心臓発作や脳卒中のリスクがある患者がアスピリンを服用していたか否かを調査した研究もあるが、患者が医師からアスピリンの服用を勧められていたか否かを調査したのはフロリダ大学のこの研究が初めてである。

この研究では、フロリダ大学の研究者らは、臨床検査と調査質問とを組み合わせた大規模な全米を対象とする調査である米国国民健康栄養調査(National Health and Nutrition Examination Survey)2011年-2012年のデータを分析した。約3,500人の40歳以上の参加者に、医師が心血管疾患、脳卒中、または癌の予防に低用量アスピリンを服用することを推奨したか否かを尋ねた。推奨されたと答えた参加者には、そのような医師のアドバイスに従ったか否かも尋ねた。

フロリダ大学のチームは、個々のアンケートの回答を、患者が心臓発作を発症する10年間のリスクを決定するためのリスク評価ツールであるフラミンガムリスクスコア(Framingham Risk Score)と比較した。このツールは、患者の年齢、性別、総コレステロール及びHDLコレステロール、喫煙状況、血圧に基づいてスコアを計算する。研究者らは、10年間のリスクスコアが10%を超えた患者を高リスク、リスクが10%未満の患者を低リスクと分類した。

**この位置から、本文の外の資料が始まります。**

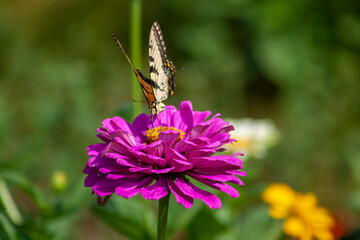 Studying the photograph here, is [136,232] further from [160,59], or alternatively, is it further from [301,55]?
[301,55]

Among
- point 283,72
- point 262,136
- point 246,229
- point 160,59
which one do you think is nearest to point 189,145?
point 160,59

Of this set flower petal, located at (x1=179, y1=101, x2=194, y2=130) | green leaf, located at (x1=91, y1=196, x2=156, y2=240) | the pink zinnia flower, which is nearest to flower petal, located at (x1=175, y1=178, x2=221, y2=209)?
the pink zinnia flower

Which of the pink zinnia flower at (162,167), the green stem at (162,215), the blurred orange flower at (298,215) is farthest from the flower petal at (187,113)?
the blurred orange flower at (298,215)

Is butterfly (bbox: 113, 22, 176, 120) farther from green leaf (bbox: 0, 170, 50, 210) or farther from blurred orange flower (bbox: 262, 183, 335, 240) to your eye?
blurred orange flower (bbox: 262, 183, 335, 240)

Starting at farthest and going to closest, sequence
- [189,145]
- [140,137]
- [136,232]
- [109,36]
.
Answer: [109,36] → [136,232] → [140,137] → [189,145]

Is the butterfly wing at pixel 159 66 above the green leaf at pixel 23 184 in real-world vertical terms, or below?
above

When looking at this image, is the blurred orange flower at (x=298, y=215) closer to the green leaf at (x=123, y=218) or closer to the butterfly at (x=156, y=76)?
the green leaf at (x=123, y=218)

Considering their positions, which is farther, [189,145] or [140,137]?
[140,137] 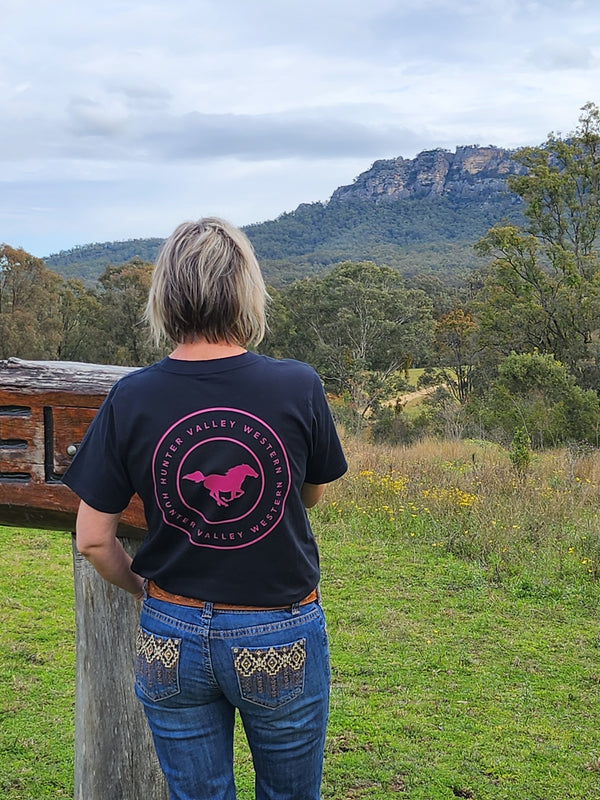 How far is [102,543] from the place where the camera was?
173cm

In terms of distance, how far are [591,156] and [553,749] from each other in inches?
881

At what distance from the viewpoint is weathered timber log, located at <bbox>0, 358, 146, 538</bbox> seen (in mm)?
2146

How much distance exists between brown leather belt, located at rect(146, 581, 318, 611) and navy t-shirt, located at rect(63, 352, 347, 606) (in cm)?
2

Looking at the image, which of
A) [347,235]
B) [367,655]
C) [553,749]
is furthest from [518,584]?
[347,235]

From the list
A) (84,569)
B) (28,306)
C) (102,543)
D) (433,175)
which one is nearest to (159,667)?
(102,543)

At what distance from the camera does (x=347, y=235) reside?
92.2m

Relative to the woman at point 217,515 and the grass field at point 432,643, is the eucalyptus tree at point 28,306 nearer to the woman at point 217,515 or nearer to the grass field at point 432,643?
the grass field at point 432,643

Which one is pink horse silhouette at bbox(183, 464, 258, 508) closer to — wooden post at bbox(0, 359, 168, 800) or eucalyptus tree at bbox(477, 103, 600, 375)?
wooden post at bbox(0, 359, 168, 800)

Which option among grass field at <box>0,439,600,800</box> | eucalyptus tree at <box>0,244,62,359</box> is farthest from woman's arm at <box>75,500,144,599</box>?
eucalyptus tree at <box>0,244,62,359</box>

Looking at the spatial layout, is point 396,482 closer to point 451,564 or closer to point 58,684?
point 451,564

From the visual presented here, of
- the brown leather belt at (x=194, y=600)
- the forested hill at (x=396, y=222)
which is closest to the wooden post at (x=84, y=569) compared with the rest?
the brown leather belt at (x=194, y=600)

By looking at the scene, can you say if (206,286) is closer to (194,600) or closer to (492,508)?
(194,600)

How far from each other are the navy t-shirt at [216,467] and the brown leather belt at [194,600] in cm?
2

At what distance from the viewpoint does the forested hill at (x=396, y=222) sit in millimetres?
64062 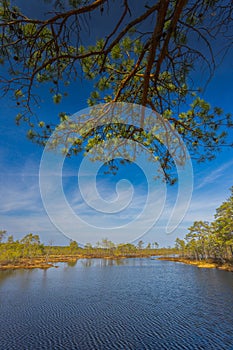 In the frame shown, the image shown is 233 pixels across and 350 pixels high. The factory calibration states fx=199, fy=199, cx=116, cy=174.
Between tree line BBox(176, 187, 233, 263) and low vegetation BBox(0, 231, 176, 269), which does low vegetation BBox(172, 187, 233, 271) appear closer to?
tree line BBox(176, 187, 233, 263)

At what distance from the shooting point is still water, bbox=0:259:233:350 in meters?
7.98

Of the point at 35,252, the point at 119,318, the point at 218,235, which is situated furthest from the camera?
the point at 35,252

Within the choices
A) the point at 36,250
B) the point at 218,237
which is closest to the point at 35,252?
the point at 36,250

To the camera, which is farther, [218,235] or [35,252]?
[35,252]

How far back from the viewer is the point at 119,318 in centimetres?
1034

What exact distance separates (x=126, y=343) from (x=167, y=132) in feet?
29.6

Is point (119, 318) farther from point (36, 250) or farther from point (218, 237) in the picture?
point (36, 250)

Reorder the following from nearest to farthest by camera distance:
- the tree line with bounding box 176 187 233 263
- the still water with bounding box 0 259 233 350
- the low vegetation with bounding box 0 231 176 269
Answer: the still water with bounding box 0 259 233 350
the tree line with bounding box 176 187 233 263
the low vegetation with bounding box 0 231 176 269

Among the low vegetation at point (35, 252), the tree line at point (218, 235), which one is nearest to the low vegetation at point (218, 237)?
the tree line at point (218, 235)

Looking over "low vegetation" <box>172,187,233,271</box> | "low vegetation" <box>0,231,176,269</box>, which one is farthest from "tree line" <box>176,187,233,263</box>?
"low vegetation" <box>0,231,176,269</box>

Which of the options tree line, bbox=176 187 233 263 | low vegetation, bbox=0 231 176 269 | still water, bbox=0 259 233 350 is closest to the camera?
still water, bbox=0 259 233 350

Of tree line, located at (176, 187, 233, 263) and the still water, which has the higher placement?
tree line, located at (176, 187, 233, 263)

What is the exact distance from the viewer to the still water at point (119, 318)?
7984 millimetres

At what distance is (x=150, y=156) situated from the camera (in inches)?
117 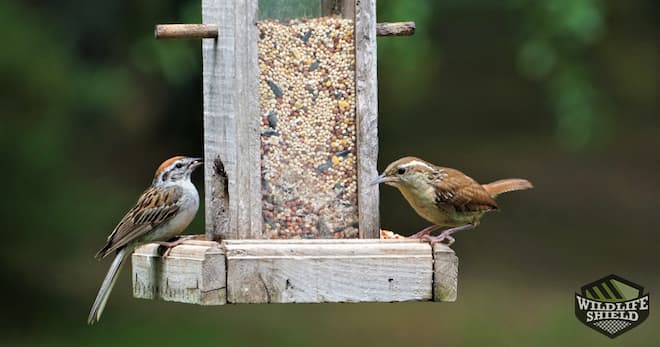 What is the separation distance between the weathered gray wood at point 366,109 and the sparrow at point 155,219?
0.89m

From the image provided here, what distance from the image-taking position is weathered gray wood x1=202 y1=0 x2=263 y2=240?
5816 millimetres

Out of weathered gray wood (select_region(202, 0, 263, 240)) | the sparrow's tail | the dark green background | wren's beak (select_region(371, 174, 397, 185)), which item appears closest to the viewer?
weathered gray wood (select_region(202, 0, 263, 240))

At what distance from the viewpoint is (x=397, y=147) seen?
16.9m

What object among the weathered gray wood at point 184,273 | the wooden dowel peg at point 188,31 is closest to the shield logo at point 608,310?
the weathered gray wood at point 184,273

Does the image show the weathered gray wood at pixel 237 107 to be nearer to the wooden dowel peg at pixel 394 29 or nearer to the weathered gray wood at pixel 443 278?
the wooden dowel peg at pixel 394 29

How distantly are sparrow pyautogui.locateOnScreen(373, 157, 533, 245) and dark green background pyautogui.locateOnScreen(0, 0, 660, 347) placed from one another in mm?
2049

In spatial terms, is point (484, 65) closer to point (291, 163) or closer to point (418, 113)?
point (418, 113)

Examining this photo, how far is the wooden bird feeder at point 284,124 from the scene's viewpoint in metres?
5.82

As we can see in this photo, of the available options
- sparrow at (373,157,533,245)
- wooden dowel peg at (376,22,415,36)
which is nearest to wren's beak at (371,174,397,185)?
sparrow at (373,157,533,245)

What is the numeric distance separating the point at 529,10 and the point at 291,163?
366 cm

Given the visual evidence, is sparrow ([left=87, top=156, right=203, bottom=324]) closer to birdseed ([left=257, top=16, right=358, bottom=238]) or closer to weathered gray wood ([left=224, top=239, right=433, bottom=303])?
birdseed ([left=257, top=16, right=358, bottom=238])

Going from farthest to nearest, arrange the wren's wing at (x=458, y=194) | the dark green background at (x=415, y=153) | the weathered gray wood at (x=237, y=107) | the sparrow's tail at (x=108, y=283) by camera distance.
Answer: the dark green background at (x=415, y=153)
the wren's wing at (x=458, y=194)
the sparrow's tail at (x=108, y=283)
the weathered gray wood at (x=237, y=107)

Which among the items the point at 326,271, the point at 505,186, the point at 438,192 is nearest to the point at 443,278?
the point at 326,271

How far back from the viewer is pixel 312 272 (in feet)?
17.3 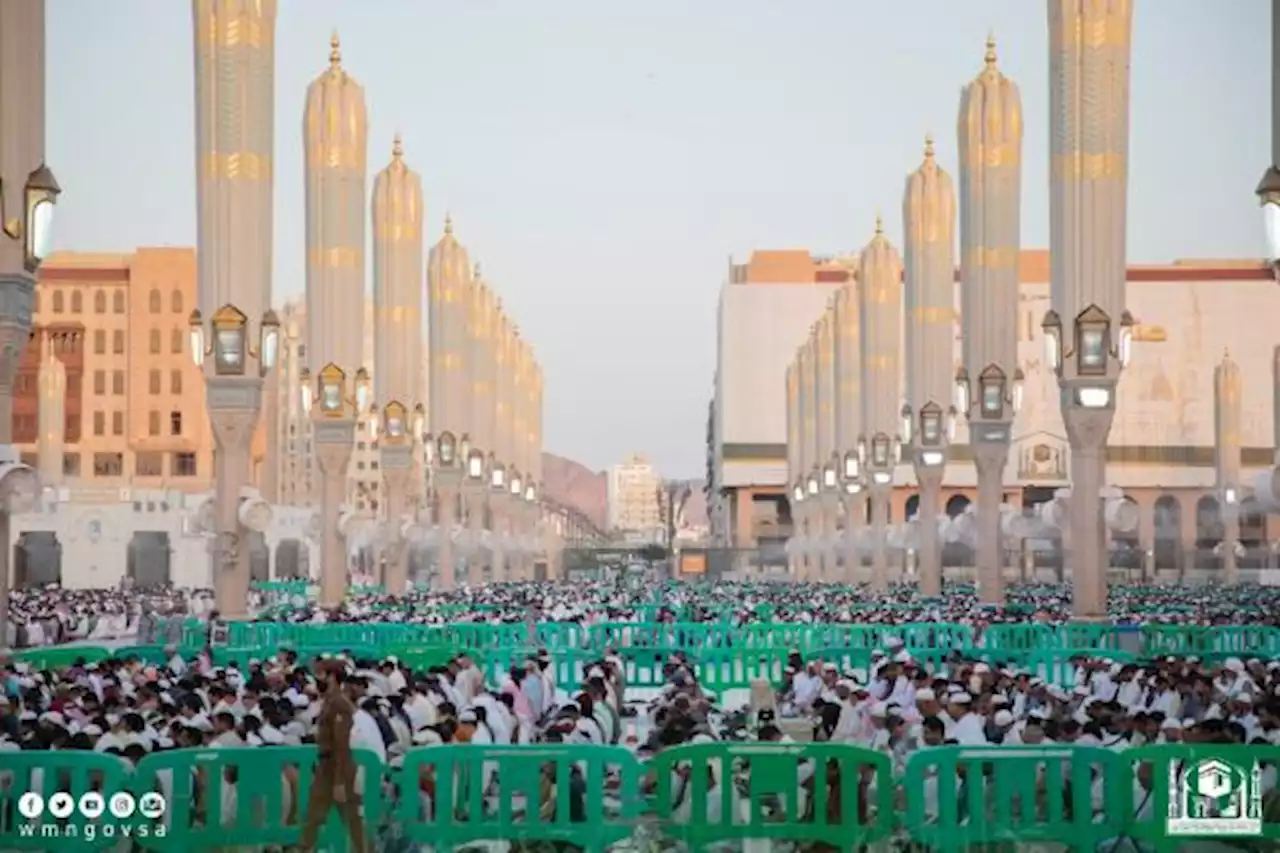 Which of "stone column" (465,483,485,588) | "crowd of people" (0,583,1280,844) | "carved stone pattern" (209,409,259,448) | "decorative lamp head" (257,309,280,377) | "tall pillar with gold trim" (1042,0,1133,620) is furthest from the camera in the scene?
"stone column" (465,483,485,588)

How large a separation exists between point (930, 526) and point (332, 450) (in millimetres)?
15877

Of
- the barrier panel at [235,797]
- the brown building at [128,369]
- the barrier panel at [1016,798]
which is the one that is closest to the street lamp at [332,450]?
the barrier panel at [235,797]

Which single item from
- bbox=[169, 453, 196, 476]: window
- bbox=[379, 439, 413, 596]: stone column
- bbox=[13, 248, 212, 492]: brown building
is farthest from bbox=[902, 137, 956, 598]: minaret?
bbox=[169, 453, 196, 476]: window

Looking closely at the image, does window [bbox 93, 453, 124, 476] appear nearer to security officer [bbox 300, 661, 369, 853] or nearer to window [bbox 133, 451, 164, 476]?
window [bbox 133, 451, 164, 476]

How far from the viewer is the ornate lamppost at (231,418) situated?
97.9 feet

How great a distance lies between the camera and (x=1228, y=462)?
252 ft

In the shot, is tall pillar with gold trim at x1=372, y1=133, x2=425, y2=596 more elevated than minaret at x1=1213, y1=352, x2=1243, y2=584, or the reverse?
tall pillar with gold trim at x1=372, y1=133, x2=425, y2=596

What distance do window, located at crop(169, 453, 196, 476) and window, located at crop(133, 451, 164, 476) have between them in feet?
2.32

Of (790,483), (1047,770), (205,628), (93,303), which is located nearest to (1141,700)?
(1047,770)

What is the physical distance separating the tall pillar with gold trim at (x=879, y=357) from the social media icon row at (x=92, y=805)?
5006 cm

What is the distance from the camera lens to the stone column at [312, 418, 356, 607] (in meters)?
41.2

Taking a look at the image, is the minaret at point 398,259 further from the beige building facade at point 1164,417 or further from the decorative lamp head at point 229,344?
the beige building facade at point 1164,417

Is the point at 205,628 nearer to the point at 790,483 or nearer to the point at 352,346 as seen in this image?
the point at 352,346

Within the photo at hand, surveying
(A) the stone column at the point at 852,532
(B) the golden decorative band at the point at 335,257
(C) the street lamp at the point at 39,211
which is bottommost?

「今回の研究の結果が示したのは、アスピリン服用を推奨されるべきだった患者の半数以上が、医師にアスピリンを服用するよう言われたとは報告しなかったことである」とフロリダブルー寄付基金保健行政教授であるメイノスは述べた。「さらに、心血管疾患のリスクが高くない患者のかなりの割合が、アスピリン服用を推奨されていた」

「アスピリンを服用するよう言われたと報告した患者の大多数は、その医師のアドバイスに従っていた。我々が懸念するのは、治療へのアドヒアランスではなく、適切な患者が、自分たちに適切なアスピリン治療に関するアドバイスを与えられていたかどうかという問題である」

今後の研究では、電子カルテを通じてフラミンガムリスクスコア計算が利用可能になれば、低用量アスピリンを服用すべき患者を医師が正確に判断する支援となるかどうかを評価する必要がある、とメイノスは述べた。